According to World Bank’s new Ease of Doing Business league table (linkthanks Debashish), it was easier to do business in Maldives (#31), Nepal (#55), Pakistan (#60), Sri Lanka (#65), Russia (#79), China (#91), Bhutan (#104) and even Iran (#108), than in India. In fact at number 116, it was slightly more difficult to do business in India than in war-torn Iraq.
The international ranking reveals how India is doing in comparison to other countries. But how has India own performance changed? There are 23 parameters that are common between the latest report, released in 2006, and the previous one released in 2005 (both are based on data compiled two years before publication). Of these, India has improved its score in 10 and slipped in 5 areas. None more so than in the area of hiring and firing workers.
It became more difficult to hire and maintain workers in 2004 as compared to the previous year.

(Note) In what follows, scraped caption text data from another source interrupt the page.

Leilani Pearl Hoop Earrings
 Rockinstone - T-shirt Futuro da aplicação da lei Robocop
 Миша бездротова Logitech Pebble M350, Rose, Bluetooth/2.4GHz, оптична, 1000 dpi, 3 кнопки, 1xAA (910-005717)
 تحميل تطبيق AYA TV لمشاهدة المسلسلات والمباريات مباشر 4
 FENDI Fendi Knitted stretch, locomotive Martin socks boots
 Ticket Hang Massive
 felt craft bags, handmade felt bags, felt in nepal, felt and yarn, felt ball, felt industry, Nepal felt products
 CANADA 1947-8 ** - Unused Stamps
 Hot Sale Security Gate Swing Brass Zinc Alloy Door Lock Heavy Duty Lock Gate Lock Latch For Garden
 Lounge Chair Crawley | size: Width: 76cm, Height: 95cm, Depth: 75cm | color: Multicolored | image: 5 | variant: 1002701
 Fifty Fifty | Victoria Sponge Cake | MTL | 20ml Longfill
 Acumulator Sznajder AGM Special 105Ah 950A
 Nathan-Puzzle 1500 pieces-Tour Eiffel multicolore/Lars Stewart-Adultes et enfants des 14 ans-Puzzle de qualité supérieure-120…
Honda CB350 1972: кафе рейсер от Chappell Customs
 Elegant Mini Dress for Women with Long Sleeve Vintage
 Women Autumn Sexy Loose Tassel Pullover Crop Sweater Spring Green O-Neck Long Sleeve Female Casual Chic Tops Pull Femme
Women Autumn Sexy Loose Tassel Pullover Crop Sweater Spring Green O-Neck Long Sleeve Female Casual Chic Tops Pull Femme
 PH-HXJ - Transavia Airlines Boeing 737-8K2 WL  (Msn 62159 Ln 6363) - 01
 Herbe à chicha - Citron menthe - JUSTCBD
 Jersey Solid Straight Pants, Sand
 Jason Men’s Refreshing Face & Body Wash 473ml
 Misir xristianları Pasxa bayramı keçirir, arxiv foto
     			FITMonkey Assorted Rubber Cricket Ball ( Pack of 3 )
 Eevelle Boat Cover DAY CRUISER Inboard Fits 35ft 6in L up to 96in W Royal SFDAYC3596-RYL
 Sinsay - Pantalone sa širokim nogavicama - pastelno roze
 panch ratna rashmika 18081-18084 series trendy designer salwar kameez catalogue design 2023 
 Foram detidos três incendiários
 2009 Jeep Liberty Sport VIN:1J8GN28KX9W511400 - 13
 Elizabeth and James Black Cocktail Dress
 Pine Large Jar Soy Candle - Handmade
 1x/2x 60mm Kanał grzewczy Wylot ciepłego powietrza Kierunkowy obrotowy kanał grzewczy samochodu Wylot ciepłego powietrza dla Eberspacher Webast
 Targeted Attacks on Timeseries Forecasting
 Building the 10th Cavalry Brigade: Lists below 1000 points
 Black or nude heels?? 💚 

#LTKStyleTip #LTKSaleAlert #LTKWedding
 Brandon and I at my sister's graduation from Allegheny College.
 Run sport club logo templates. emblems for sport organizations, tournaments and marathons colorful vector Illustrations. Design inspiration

There was no change in the difficulty to fire, but at 90 out of 100, India is already one of the hardest countries in the world to fire workers.
Starting a business continues to involve 11 separate procedures; but in 2004, it took 71 days to do so, as compared to 89 days the previous year. That didn’t come without an increase in the cost of starting a business which rose to 62% of per capita in income in 2004 from 49.5% the previous year.
It also takes 10 years to close a business.
The upshot of all this? Exit barriers are also entry barriers. Making it hard to fire workers only ends up making employers unwilling to hire them and investors unwilling to invest in manufacturing (read job creating) industries. Miss the simple truth and you can have endless academic and political debates about why India’s decade and half of economic growth has been a jobless one.